逃げられたのは〇〇のおかげ?:「金ヶ崎の退き口」を地形・地質的観点で見るpart7【合戦場の地形&地質vol.3-7】
織田信長・豊臣秀吉・徳川家康・明智光秀など「戦国オールスター」が絶体絶命の大ピンチに陥った「金ヶ崎の退き口」。
信長軍は朝倉義景の居城である一乗谷城へ向かう道中の木ノ芽峠に差しかかったタイミングで、浅井長政の裏切りを知ります。
現代の地形図を見てビックリ!
何と木ノ芽峠と浅井軍の進軍ルートである北国街道(ほっこくかいどう)は非常に近く、直線距離で約1.5kmでした。

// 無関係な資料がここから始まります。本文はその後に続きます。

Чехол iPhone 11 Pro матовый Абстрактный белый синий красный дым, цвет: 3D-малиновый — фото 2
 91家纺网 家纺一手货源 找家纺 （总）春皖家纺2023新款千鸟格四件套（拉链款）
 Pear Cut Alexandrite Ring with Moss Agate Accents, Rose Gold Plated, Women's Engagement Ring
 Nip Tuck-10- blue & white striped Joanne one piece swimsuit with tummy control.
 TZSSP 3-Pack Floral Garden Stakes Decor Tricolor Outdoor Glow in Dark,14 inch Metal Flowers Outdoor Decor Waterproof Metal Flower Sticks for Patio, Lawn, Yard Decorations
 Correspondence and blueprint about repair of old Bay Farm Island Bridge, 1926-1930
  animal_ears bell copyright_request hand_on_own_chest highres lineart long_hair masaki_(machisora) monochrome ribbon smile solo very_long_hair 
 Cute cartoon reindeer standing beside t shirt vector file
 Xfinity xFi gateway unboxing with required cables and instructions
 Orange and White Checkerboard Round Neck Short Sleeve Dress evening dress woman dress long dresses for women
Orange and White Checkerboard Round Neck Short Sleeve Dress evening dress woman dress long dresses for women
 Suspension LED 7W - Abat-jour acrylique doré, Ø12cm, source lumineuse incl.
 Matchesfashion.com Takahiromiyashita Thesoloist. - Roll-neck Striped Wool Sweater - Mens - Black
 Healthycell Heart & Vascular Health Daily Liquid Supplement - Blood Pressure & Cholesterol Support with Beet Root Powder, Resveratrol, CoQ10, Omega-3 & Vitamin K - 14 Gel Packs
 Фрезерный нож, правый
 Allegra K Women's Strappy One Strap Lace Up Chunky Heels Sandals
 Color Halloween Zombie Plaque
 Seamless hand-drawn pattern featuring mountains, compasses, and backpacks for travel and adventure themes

浅井軍の動きを察知するには十分な距離だったのではないでしょうか?
撤退開始!
このまま進軍すれば挟み撃ちですので、当然撤退することになります。
この時の撤退ルートはどうだったのでしょうか?
以下のサイトを参考にしました。
これを見てハッとしました。
このシリーズの初期で、琵琶湖北部から国境(くにざかい)を越えるために、西へのルートか北へのルートか検証しましたが「西へのルート」を進軍したようです。
もっと早く、このサイトを呼んでいれば良かった(;^_^A
退却は、来た道を戻って行きました。
まずは金ヶ崎城(上図赤丸)を豊臣秀吉、明智光秀らが守り、信長軍本体は赤点線矢印のルートで撤退。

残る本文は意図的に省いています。